### What you need to do:
Look through the data below for the line with "WhatsApp Image 2023-12-19" and the line with "Mercedes-Benz: Mercedes-Benz 190: 1991", then output those two and all lines in between, exactly as written.

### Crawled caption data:
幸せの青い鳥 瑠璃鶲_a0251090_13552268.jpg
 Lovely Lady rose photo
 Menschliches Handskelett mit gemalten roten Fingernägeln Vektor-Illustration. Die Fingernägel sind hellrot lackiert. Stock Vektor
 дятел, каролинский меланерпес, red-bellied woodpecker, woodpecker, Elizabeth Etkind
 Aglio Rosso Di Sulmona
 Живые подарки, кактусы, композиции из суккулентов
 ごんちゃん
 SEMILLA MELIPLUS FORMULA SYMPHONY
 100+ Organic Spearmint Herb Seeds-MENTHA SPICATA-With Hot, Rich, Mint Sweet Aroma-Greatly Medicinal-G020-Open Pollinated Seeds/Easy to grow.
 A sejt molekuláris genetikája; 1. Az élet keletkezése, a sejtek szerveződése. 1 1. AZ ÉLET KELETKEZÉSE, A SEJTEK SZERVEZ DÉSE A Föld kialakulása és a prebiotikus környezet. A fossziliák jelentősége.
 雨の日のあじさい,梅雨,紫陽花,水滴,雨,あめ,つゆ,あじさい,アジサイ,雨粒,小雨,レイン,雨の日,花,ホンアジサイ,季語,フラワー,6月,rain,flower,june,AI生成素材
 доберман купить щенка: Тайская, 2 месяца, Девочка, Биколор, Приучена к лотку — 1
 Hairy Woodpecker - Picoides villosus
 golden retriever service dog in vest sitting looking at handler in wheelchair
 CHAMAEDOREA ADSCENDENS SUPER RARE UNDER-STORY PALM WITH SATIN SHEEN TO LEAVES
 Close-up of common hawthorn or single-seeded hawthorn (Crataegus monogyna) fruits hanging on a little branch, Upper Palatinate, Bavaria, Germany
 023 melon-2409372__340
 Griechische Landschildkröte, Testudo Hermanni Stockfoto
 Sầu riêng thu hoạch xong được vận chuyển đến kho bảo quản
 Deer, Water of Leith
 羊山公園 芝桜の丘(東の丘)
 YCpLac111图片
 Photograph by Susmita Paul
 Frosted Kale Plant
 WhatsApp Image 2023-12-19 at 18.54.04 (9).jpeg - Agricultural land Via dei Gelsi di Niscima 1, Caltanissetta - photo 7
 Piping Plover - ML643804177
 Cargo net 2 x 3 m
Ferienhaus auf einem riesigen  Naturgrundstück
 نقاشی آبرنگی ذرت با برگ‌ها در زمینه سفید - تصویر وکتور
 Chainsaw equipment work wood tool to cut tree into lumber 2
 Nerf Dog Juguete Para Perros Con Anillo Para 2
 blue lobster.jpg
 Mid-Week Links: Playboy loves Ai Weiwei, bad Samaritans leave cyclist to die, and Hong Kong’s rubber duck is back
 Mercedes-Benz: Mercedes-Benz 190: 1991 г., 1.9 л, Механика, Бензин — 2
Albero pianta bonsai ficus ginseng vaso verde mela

### Answer below:
 WhatsApp Image 2023-12-19 at 18.54.04 (9).jpeg - Agricultural land Via dei Gelsi di Niscima 1, Caltanissetta - photo 7
 Piping Plover - ML643804177
 Cargo net 2 x 3 m
Ferienhaus auf einem riesigen  Naturgrundstück
 نقاشی آبرنگی ذرت با برگ‌ها در زمینه سفید - تصویر وکتور
 Chainsaw equipment work wood tool to cut tree into lumber 2
 Nerf Dog Juguete Para Perros Con Anillo Para 2
 blue lobster.jpg
 Mid-Week Links: Playboy loves Ai Weiwei, bad Samaritans leave cyclist to die, and Hong Kong’s rubber duck is back
 Mercedes-Benz: Mercedes-Benz 190: 1991 г., 1.9 л, Механика, Бензин — 2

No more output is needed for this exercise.